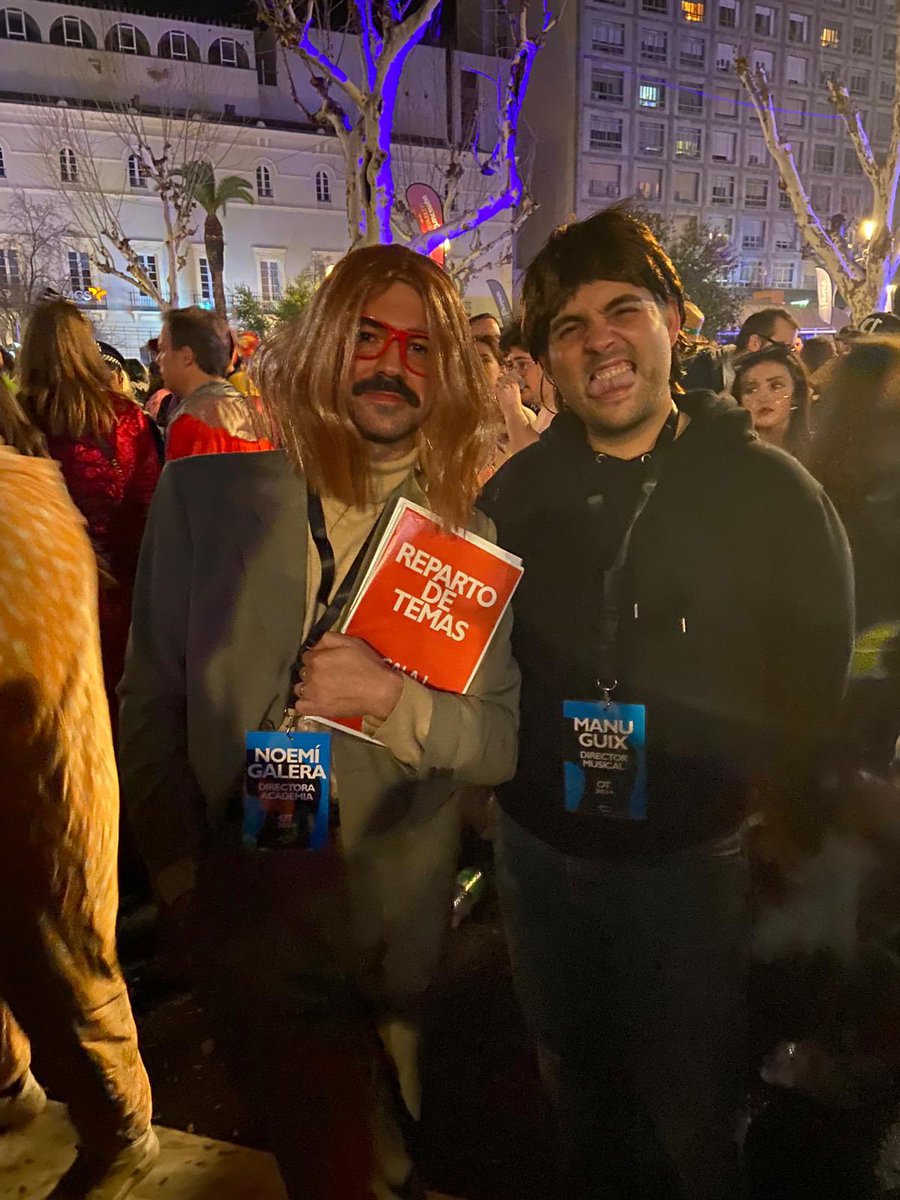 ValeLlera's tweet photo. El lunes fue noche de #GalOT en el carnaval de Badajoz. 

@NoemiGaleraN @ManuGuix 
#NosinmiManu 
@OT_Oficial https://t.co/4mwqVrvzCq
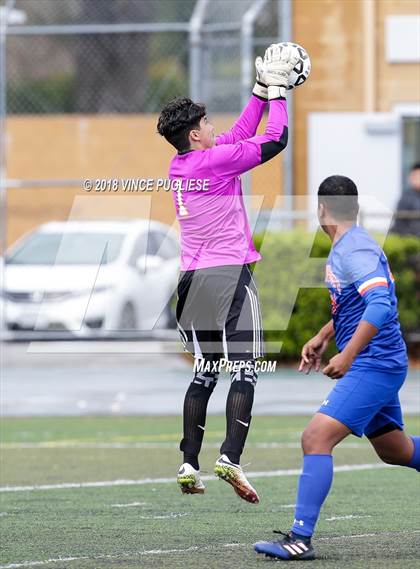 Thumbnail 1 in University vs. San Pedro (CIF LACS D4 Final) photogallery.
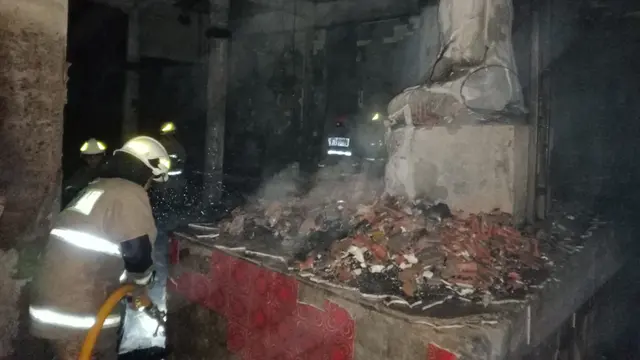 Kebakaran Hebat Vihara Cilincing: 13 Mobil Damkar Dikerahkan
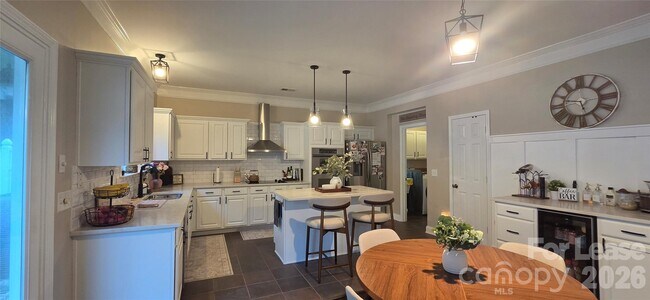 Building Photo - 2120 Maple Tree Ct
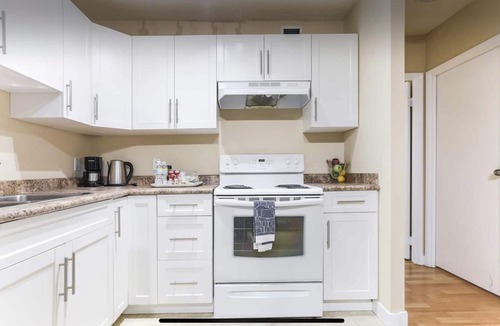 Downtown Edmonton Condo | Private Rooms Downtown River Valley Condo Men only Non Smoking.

• **TASK TO COMPLETE**
Could you print the data exactly as it appears and keep the pictures out?

• **ANSWER TO THIS TASK**
 ValeLlera's tweet photo. El lunes fue noche de #GalOT en el carnaval de Badajoz. 

@NoemiGaleraN @ManuGuix 
#NosinmiManu 
@OT_Oficial https://t.co/4mwqVrvzCq
 Thumbnail 1 in University vs. San Pedro (CIF LACS D4 Final) photogallery.
 Kebakaran Hebat Vihara Cilincing: 13 Mobil Damkar Dikerahkan
 Building Photo - 2120 Maple Tree Ct
 Downtown Edmonton Condo | Private Rooms Downtown River Valley Condo Men only Non Smoking.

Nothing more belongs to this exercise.